Content starts

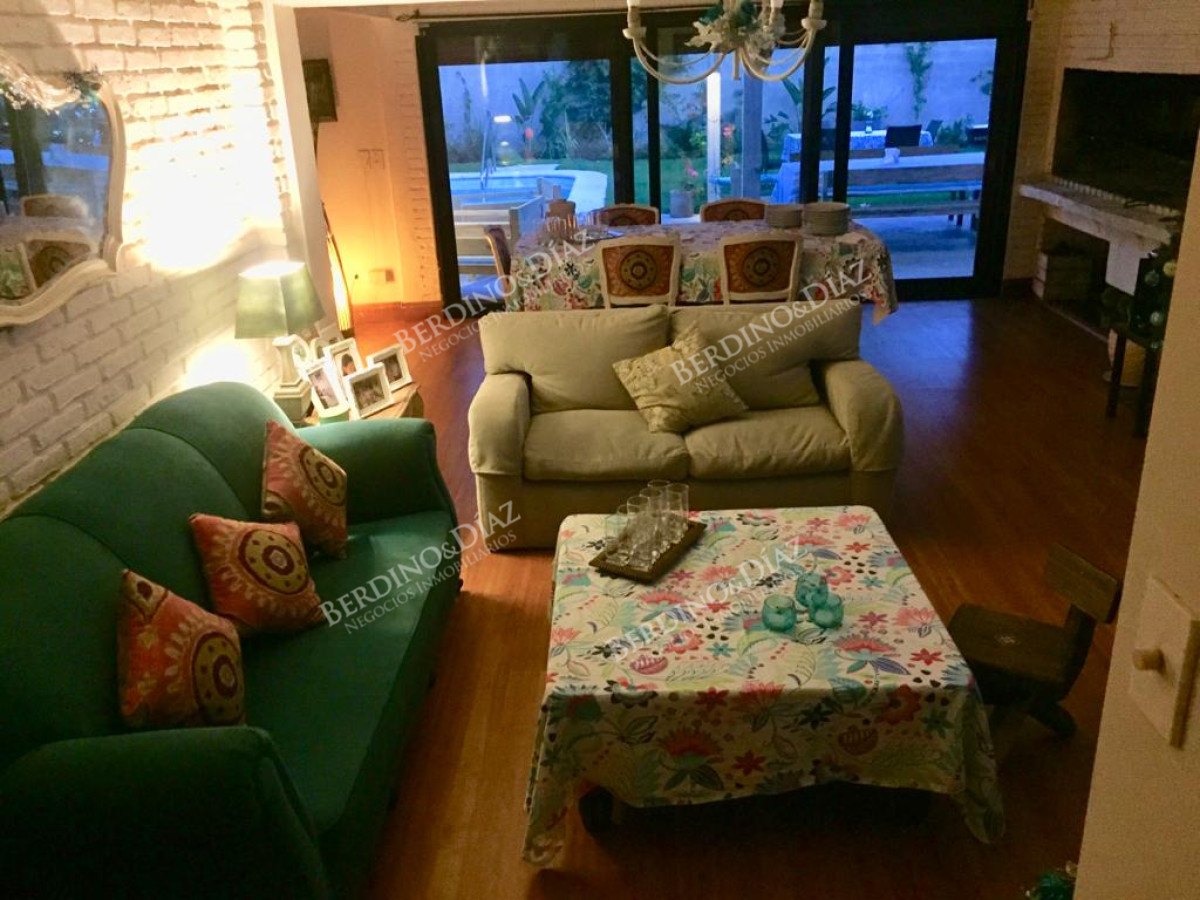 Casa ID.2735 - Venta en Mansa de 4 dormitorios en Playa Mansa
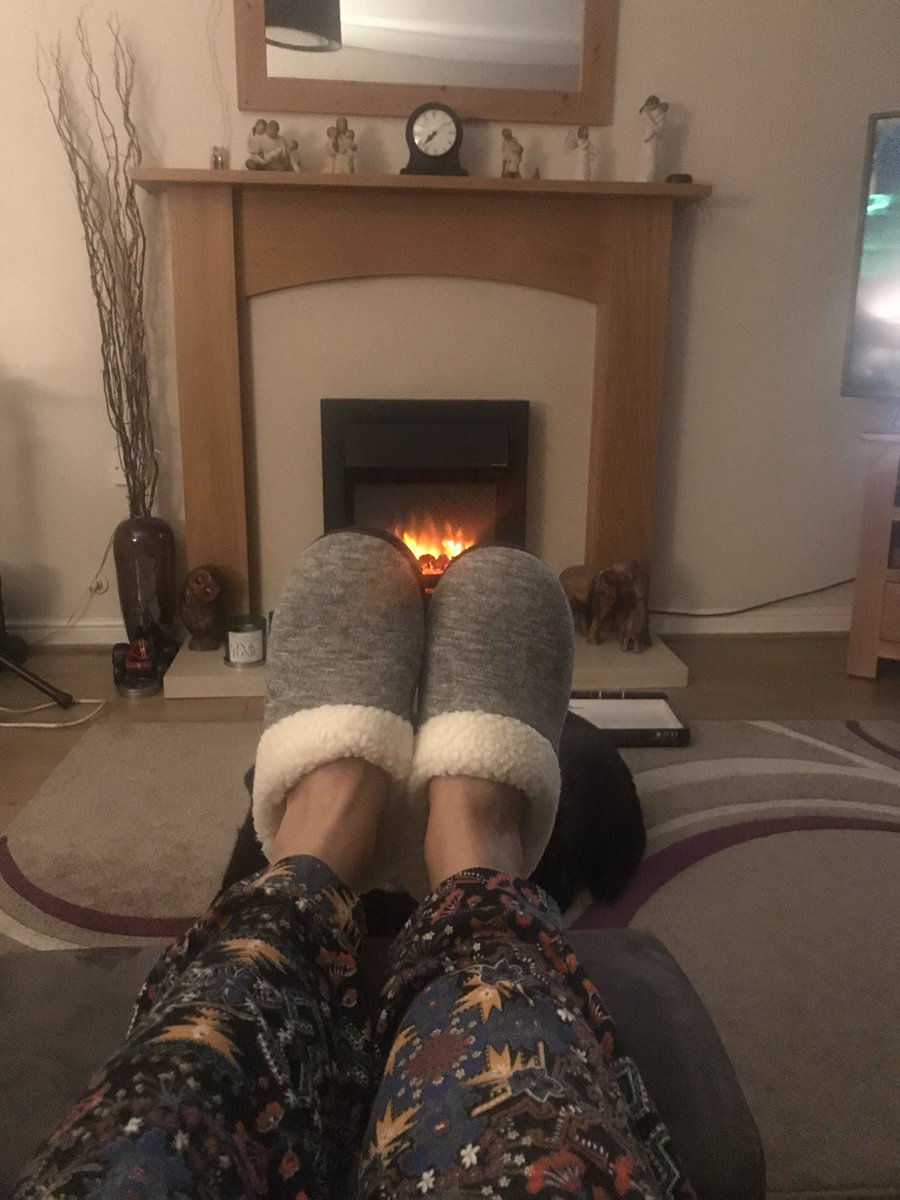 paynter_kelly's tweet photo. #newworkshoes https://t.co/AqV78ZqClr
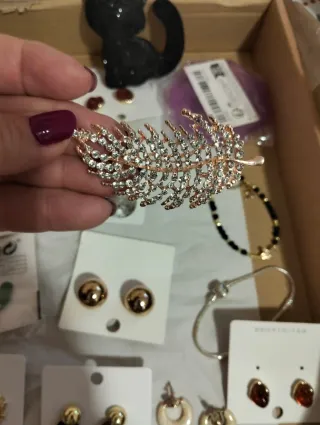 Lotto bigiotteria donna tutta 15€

Content ends
Content starts

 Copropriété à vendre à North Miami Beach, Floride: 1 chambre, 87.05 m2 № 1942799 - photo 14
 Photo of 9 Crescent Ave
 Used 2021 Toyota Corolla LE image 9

Content ends
Content starts

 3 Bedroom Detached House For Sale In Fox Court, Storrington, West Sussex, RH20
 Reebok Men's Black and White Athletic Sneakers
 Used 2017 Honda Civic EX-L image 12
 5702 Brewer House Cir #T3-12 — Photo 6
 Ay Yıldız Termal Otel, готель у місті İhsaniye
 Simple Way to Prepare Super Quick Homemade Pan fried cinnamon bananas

Content ends

__Required work__
Among the entries above, find the line with "Casa ID.2735 - Venta" and repeat exactly from there through the line with "Lotto bigiotteria donna tutta 15€", leaving out the pictures.

__Answer box__
 Casa ID.2735 - Venta en Mansa de 4 dormitorios en Playa Mansa
 paynter_kelly's tweet photo. #newworkshoes https://t.co/AqV78ZqClr
 Lotto bigiotteria donna tutta 15€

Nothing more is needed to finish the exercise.